It's not easy to view NTSC video input on a Windows box, but thanks to Ask MetaFilter I figured out how. Here's what you need:
  • Video capture hardware. I have a GeForce4 Ti4200 video card (from ASUS) which has a video-in/video-out (VIVO) box.
  • S-Video source. The video card can take in composite or S-video input, but the colours in composite are so awful that it's not worth the effort. S-Video isn't too bad.
  • A WDM driver for the video capture hardware.
  • Software to display the video capture. I like ATV2000, but I'm still looking for alternatives.

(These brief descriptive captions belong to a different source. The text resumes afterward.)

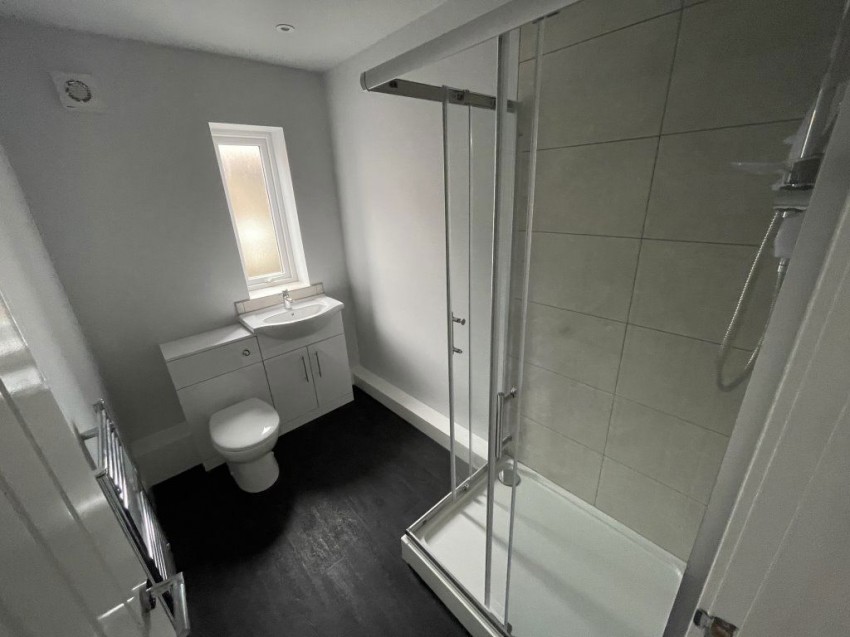 Images for Flat 2, 11 High Street, Alfreton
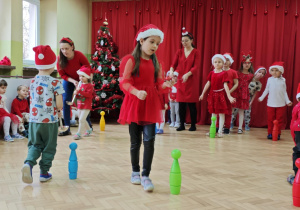 Dzieci z 4 grup przenoszą bąbki na łyżkach.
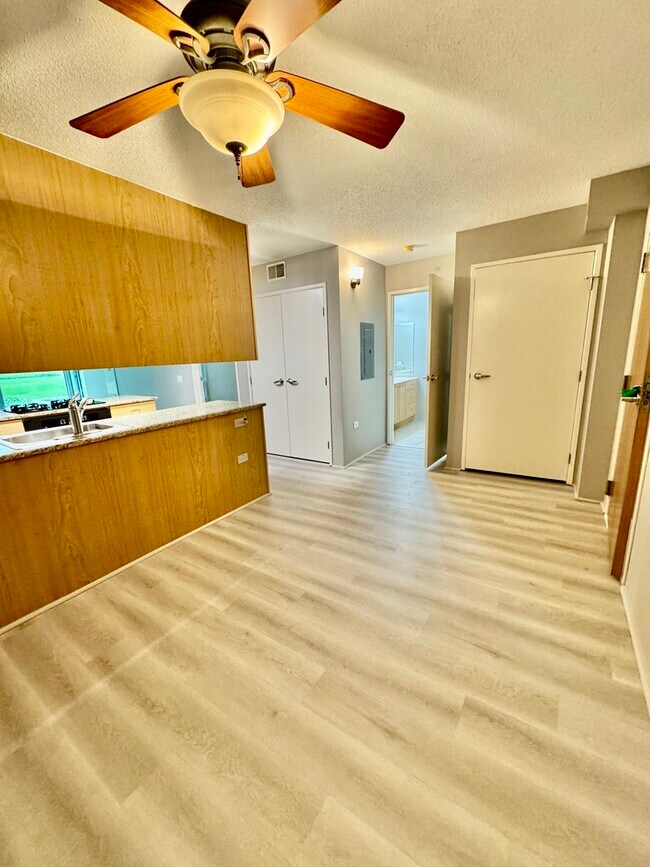 Foto del edificio - 9655 Woods Dr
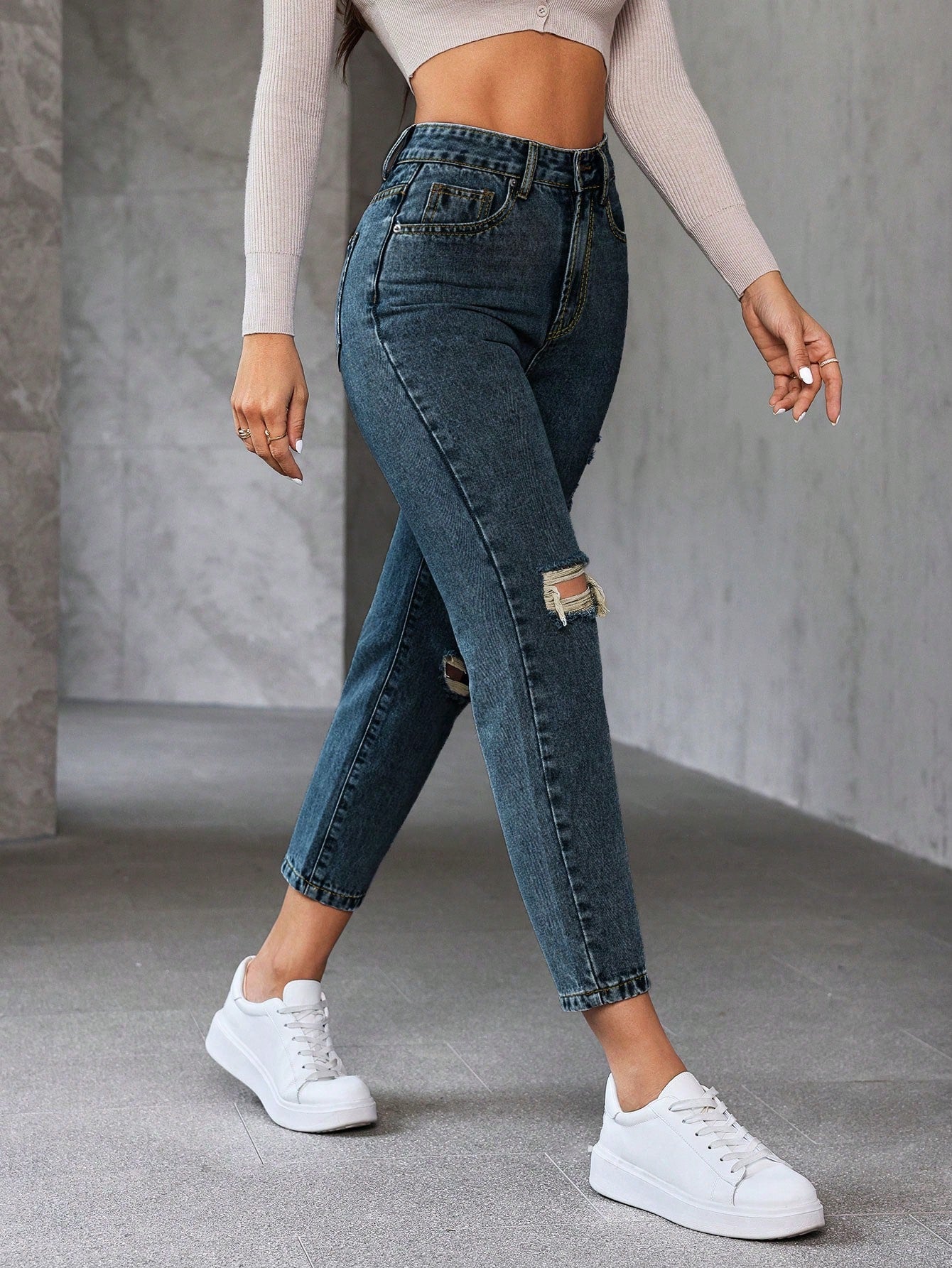 Enza - Jeans Casual Strappati Dritti Donna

Put it all together and your video is now showing on your screen, where you can watch it, record it, filter it, etc. Some tweaking improves quality. I found that it looked best if I ran the capture at 640x480 and my display at 1280x960@60Hz. That's a nice even 2x size multiple and (almost) the same refresh rate as the source. Running at, say, 1024x768@85Hz introduced lots of ugly interlace-related shimmer.

It's amazing how complicated this is. It's a lot of data: I'm surprised my PC can record full motion video to hard drive. And the NTSC input is in an awful format. The interlacing is the worst of it, here's a nice visual explanation. There's a neat program called DScaler that tries to deinterlace the video before displaying. That gives a much sharper still picture but in regions of high motion you get awful judder. I gave up on it.

Progressive scan HDTV is the only rational thing.